● **Work task**: Every line containing the word "Tanvi" must be pulled from the records.

Short descriptive text snippets:
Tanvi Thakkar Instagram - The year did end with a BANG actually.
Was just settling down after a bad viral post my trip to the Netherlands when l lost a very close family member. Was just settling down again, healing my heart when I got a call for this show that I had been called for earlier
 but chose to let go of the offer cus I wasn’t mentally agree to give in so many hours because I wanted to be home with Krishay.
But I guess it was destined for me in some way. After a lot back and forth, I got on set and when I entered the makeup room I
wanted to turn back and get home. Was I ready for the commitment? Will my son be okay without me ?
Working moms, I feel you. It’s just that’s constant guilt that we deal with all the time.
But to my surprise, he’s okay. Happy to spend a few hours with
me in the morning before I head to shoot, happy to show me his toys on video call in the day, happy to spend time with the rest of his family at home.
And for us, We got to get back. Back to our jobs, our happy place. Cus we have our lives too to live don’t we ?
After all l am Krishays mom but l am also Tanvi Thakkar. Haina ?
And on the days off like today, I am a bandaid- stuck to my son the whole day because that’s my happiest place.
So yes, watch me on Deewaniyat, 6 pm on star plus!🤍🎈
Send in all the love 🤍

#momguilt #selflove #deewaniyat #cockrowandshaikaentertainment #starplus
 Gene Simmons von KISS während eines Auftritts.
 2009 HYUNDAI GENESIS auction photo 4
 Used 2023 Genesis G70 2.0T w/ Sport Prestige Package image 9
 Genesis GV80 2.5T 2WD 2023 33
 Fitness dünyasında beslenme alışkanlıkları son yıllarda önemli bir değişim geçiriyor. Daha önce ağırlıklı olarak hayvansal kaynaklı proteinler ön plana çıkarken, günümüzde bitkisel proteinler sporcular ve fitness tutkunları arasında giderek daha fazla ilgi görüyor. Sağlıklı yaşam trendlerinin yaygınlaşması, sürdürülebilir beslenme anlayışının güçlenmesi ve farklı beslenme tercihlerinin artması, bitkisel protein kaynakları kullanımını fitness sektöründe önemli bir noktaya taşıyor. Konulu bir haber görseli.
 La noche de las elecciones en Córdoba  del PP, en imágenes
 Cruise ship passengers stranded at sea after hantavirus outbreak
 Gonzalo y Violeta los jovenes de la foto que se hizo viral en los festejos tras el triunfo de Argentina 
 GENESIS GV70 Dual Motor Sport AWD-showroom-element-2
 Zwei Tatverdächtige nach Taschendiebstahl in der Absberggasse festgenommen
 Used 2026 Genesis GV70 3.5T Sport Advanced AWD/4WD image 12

● **Task response**:
Tanvi Thakkar Instagram - The year did end with a BANG actually.
After all l am Krishays mom but l am also Tanvi Thakkar. Haina ?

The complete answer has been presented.